Review Summary: Pinpricks in the fabric of the sky
Miserere Luminis tells of a curious perspective: that of ancient beings who tire of their eternal existence and disdain divinity, even as they inhabit their own rarified plane; there, they remark on corruption of the celestial, indulge in talk of self-harm and self-loathing. Loftiness seems to characterize this work: not only because of its proud shirking of black metal conventions, but also because, more generally, it tackles the challenge of remaining sympathetic whilst aloof, of self-indulging in a justifiable manner.
Miserere Luminis immediately
feels different: most obviously, there are very few blast beats or tremolo riffs; the drumming is unusually weighty, almost lumbering at times; the chords, in their simple elegance, help to counterbalance the lyrical melodrama. A section of “Birth of New Ages” trades on eerie ambiguity, with a hint of sickening sweetness, before collapsing into punctuated chaos; “Senectus” and its sombre piano lead, meanwhile, demonstrate effective restraint, each note ringing out into the dark. In line with the theme of fading stars and dimming skies, “IV” features a gentle, chiming melody that suddenly dies out. It’s hard to pinpoint the exact way in which the album leaves behind space — perhaps it’s the general sense that individual notes are given room to breathe — but I can’t help but feel that it is unusually sparse for its genre. “Ciel Tragique” is a good example of how Miserere Luminis rely on subtle, minimalistic cues — syncopation that could have gone unnoticed because of the song’s slower pace, but ends up lending a slight groove to the drumming and rhythm guitar.
Thematically, Miserere Luminis deal rather unorthodoxly in the otherworldly, down to their intricate masks and insistence on anonymity. This is an elaborate, self-aware performance — an inhabiting of roles that may come off as ridiculous, and then twisting the melodrama into surprising beauty and tenderness. Each narrator within the spectacle can stake a claim to some form of divinity, but they do not possess its usual benefits — rather, they explore, understand and experience inhuman depths of suffering and decay. “I have seen what no eyes could see / I saw a world crumble down”, goes pained shrieking on “Birth of New Ages.” They even observe “[aeons-old] seraphs [who] fell from their thrones”; that they both witness and escape this fate is testament to their bizarre resilience.
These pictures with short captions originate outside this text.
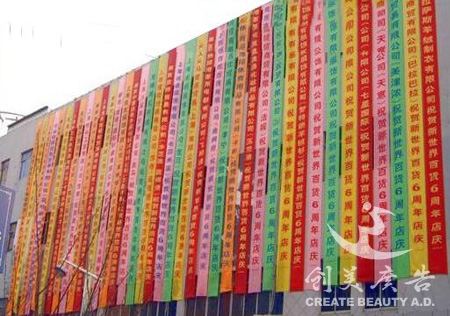 &#108;&#111;&#103;&#105;&#110;&#95;&#35946;&#38376;&#22269;&#38469;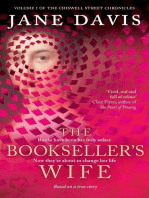 The Bookseller's Wife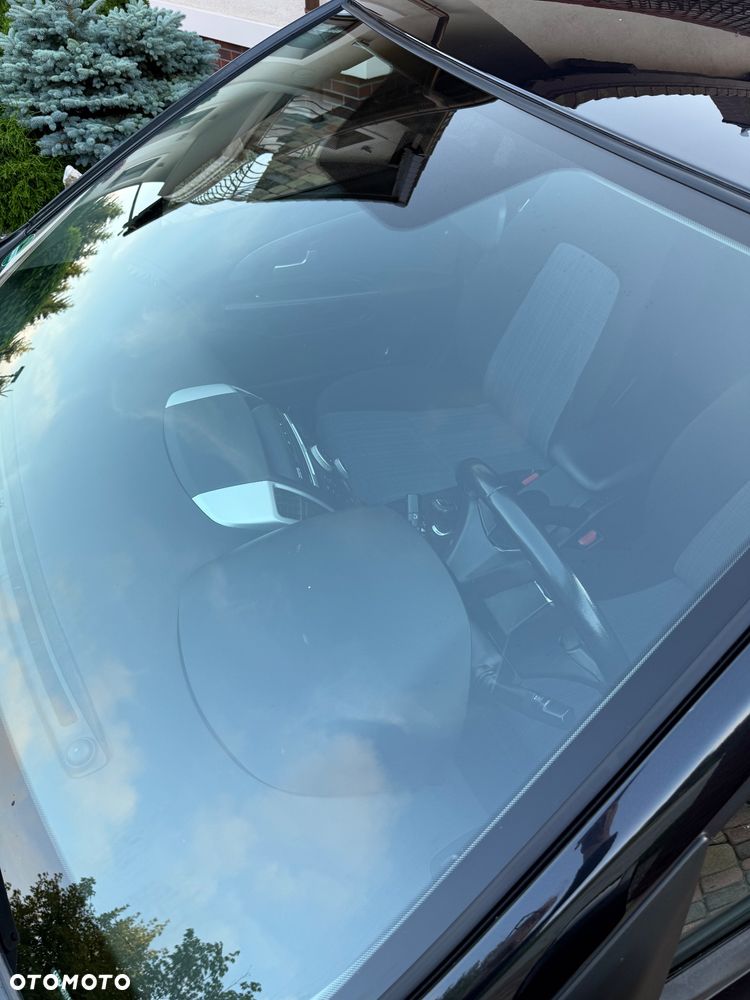 Kia Ceed 1.4 CVVT Attract - 18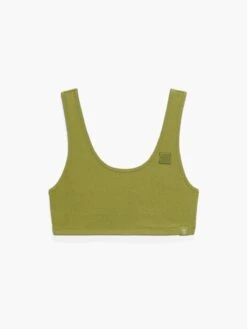 Rib Sleep Crop Top 7 Rib Sleep Crop Top -Sportswear Store RIB SLEEP CROP TOP SQ2252214 3812 LAYDOWN 1200x1600 1
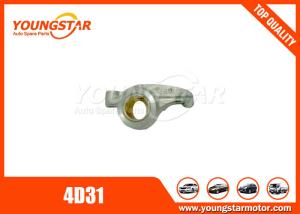 China Mitsubishi L-300/4G32 91 Engine Rocker Arm MD-006279 MD-007381 factory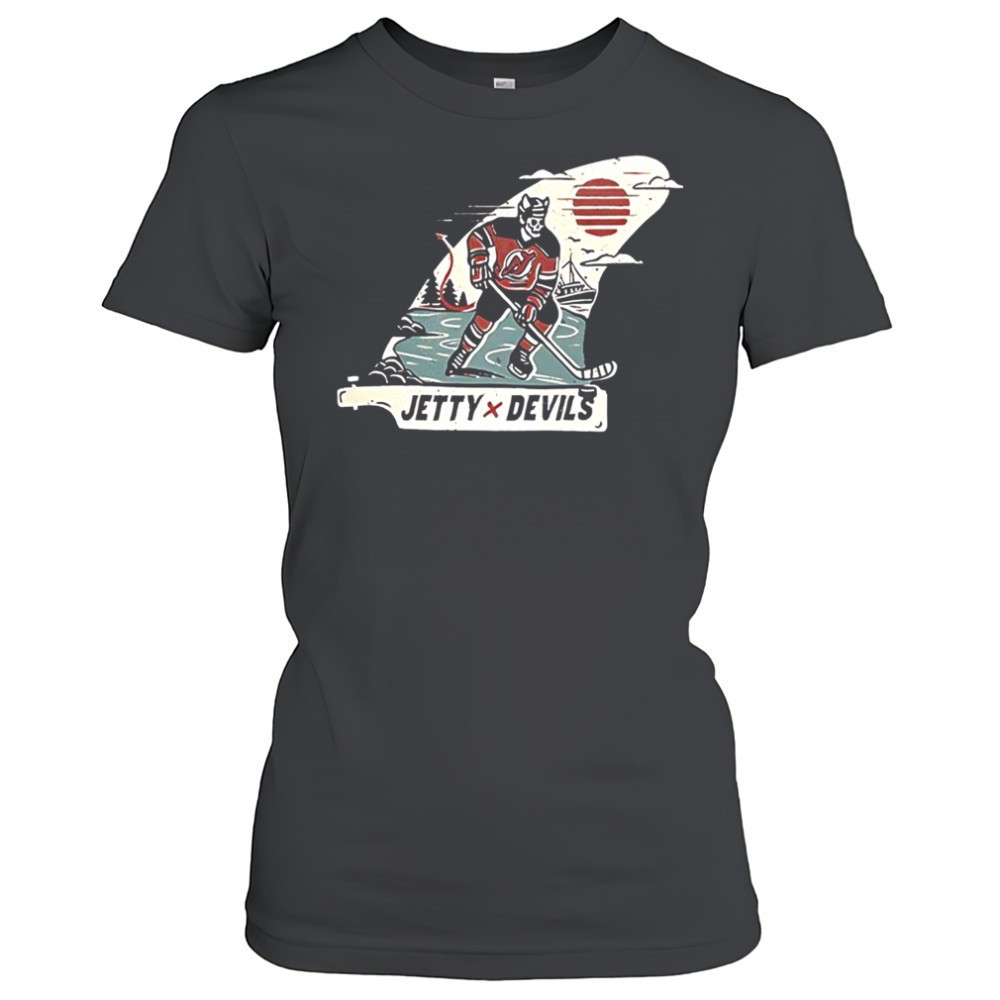 jetty-x-new-jersey-devils-nhl-player-skeleton-vintage-shirt-5718vq87 Jetty X New Jersey Devils NHL player skeleton vintage shirt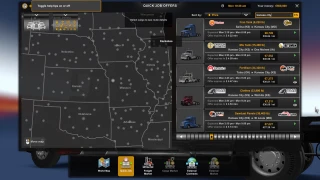 Kansas City KCMO Add-On 1.2 thumbnail 6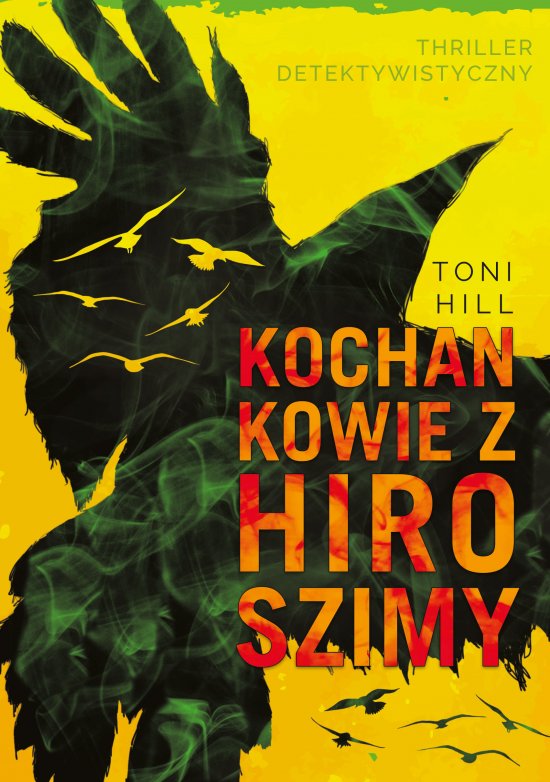 Kochankowie z Hiroszimy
Now, it remains that Miserere Luminis seem to glorify ugliness, pain and death in rather unsubtle ways; they employ a blunt rhetorical device in alluding to the perversion of that which is supposed to be eternal and Good. On “The Mist”, the narrator proclaims that he wants to “spit in the eye of God” and wishes He would “see him as the failure of his dream of greatness and beauty”, whilst “Ciel Tragique” speaks of the “broken wings of a sick angel” and an injury that is the “eye of hell.” It’s hard not to read these as a display of cliché, tired acts of rebellion, but perhaps that’s the point — “we are as tired as the stars”, says the funereal “Senectus” in a line that resonates in its resignation. The in-universe justification for all this, then, is that we should allow these beings who have suffered so much the small comfort of being able to lament as they wish. Despite their remarkable nature, they are passive — only seeing and receiving — but perceive themselves as corrupted despite never having explicitly sinned; their existence is both striking and pitiful.
But within the album, there’s a clear preservation of light and sweetness which cannot be immediately reconciled with its hyperbole. That act of preservation, I think, serves to capture a portion of the celestial essence that the beings mourn; and struck by such harmonious beauty, radiant even as darkness encroaches, we understand why one might be driven to madness and grief in witnessing its corruption. Furthermore, the exaggerated rhetoric sets up a dichotomy between celestial light and corrupting darkness, but also leaves a vast space in between; and it is this space that the melodies paint and manipulate, creating nuances that are hostage to neither light nor darkness.